The most damaging hotel reviews don’t start at check-in. A family booked through an OTA, arrived at a five-star adults-only resort with a seven-year-old, and were turned away in forty-degree heat — €1,600 paid. The hotel’s policy was correct. What failed was the pre-arrival relationship. Here’s what the data shows.
Hotel managers read a bad review and ask the same question: what went wrong during the stay? It is a reasonable instinct. The stay is what you control. The stay is where the staff were, where the food was served, where the room either met expectations or did not.
But there is a category of damaging review that did not start during the stay. It started weeks earlier, when a guest formed an expectation – about what the hotel offered, who it was for, what they would find when they arrived – and the hotel never corrected it.
This kind of review is more damaging than most, and more common than it should be. Understanding why it happens is the first step to preventing it.
The asymmetry in the damage
Not all negative reviews are equal. A guest who encounters a service failure during the stay – slow room service, a noise complaint handled badly, a meal that disappointed – will typically leave a two or three-star review. They are frustrated, but they are reporting on an experience they had.
A guest who arrives with a fundamentally wrong picture of the hotel leaves a one-star review. The tone is different. The language is different. These reviews do not describe disappointment. They describe feeling misled. The damage to the property’s reputation is disproportionate to whatever operational failure caused it, because the reader of that review cannot easily distinguish between a hotel that misled a guest and a hotel that simply failed to communicate clearly through a third party.
The distinction matters enormously to the manager. To the prospective guest reading the review, it is invisible.
A policy that existed. A guest who never saw it.
Consider the case of a five-star adults-only resort in Crete. The hotel’s own booking flow makes the restriction explicit: guests are asked for the number of travellers, with the label “age: 16+”. The policy is there. The hotel communicates it – on its own channels.
A family travelling with a seven-year-old did not book through the hotel’s website. They booked through a third-party platform, paid over €1,600 for four nights, and arrived to find they could not check in.
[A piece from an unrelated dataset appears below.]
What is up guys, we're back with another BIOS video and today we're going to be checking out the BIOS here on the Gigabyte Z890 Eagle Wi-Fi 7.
The adults-only restriction had not been surfaced clearly enough in the OTA interface they used. They stood outside in forty-degree heat with a child and no alternative arranged. The review they left rated the hotel one star.
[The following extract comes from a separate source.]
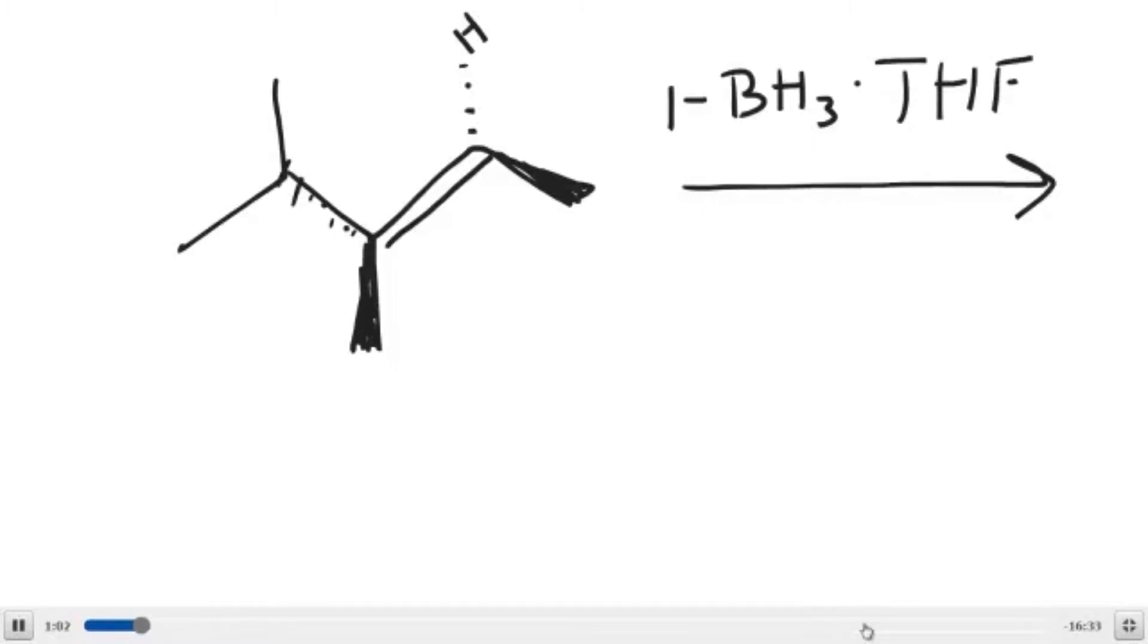That first step will result in the anti-Markovnikov addition of the boron and the hydrogen so that you end up making an organoborane.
The policy was not wrong. The hotel had not made a false claim. What failed was the pre-arrival relationship – or rather, the absence of one. The family’s entire picture of the stay had been built through the OTA. The hotel’s own voice had never reached them.
This is not a hypothetical edge case. It is a precise illustration of what happens when a hotel’s identity – its policies, its offer, its character – exists clearly on its own channels and nowhere else. Guests who find the hotel through OTAs get a filtered version. The filter is not malicious. But it is incomplete, and the hotel pays for the gaps.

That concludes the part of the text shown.